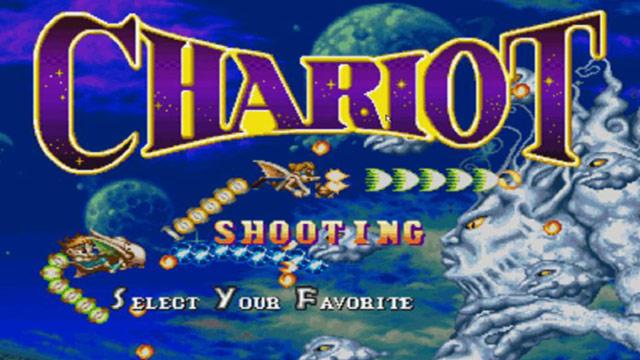 奇迹三世界(世界版)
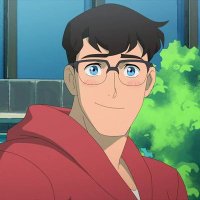É o Edu (@kyoualone13) 's Twitter Profile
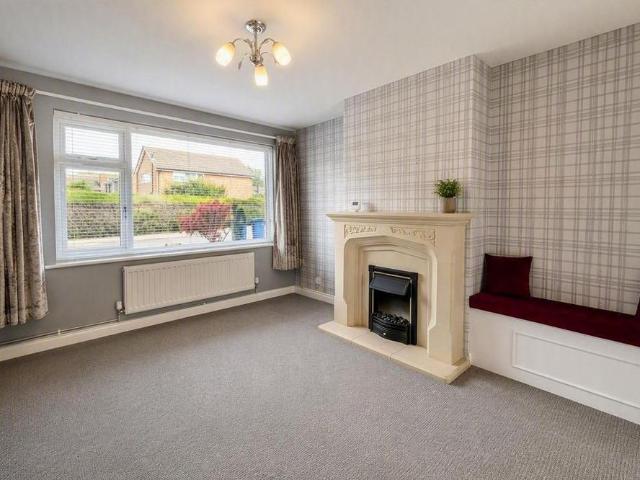 House for rent in Whitby Lane, Guisborough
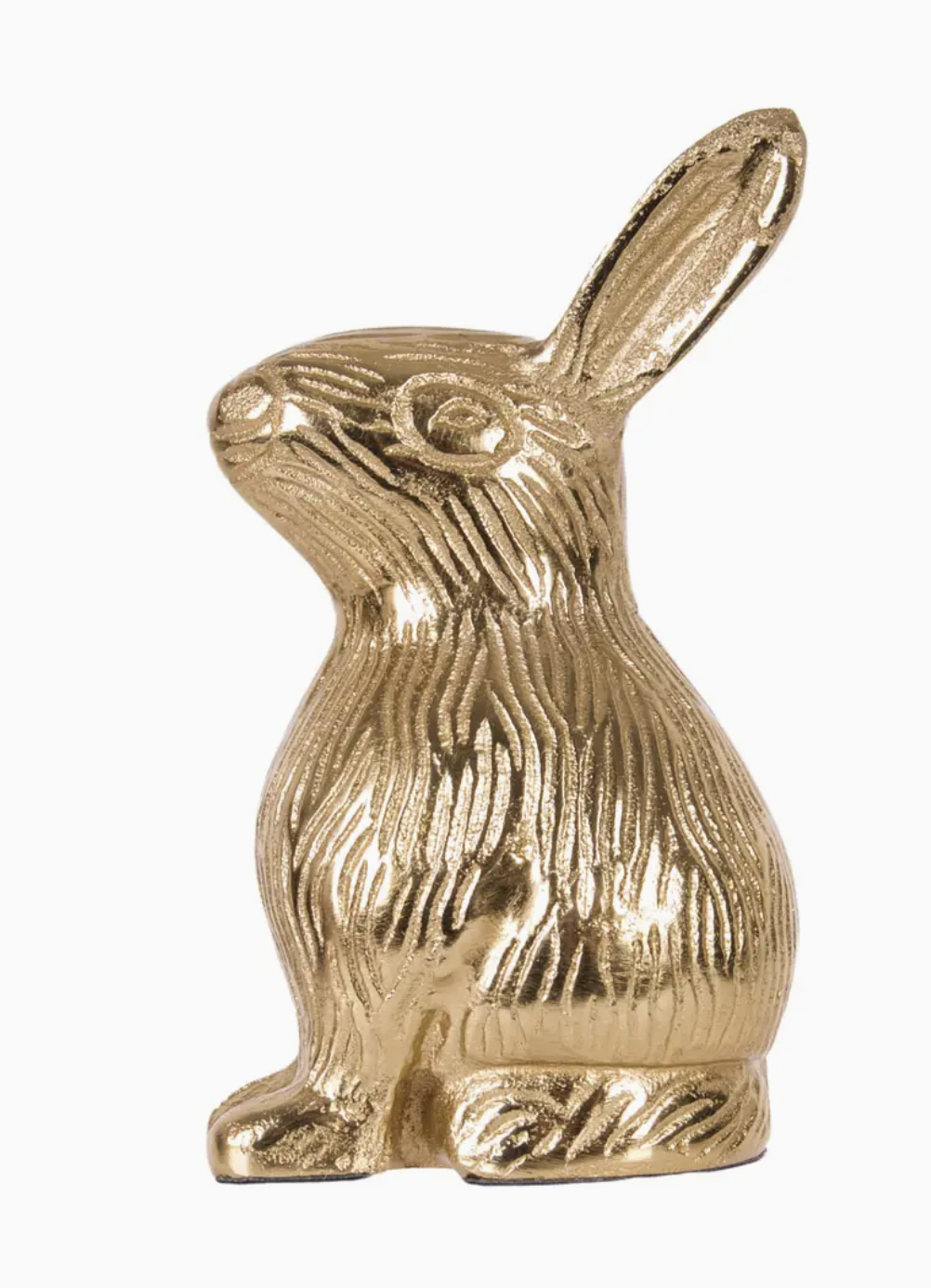 Screenshot 2026-03-16 at 12.44.24 PM.png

» **WHAT THE EXERCISE ASKS**
Reproduce the lines above exactly, image-free.

» **SOLUTION BELOW**
 奇迹三世界(世界版)
É o Edu (@kyoualone13) 's Twitter Profile
 House for rent in Whitby Lane, Guisborough
 Screenshot 2026-03-16 at 12.44.24 PM.png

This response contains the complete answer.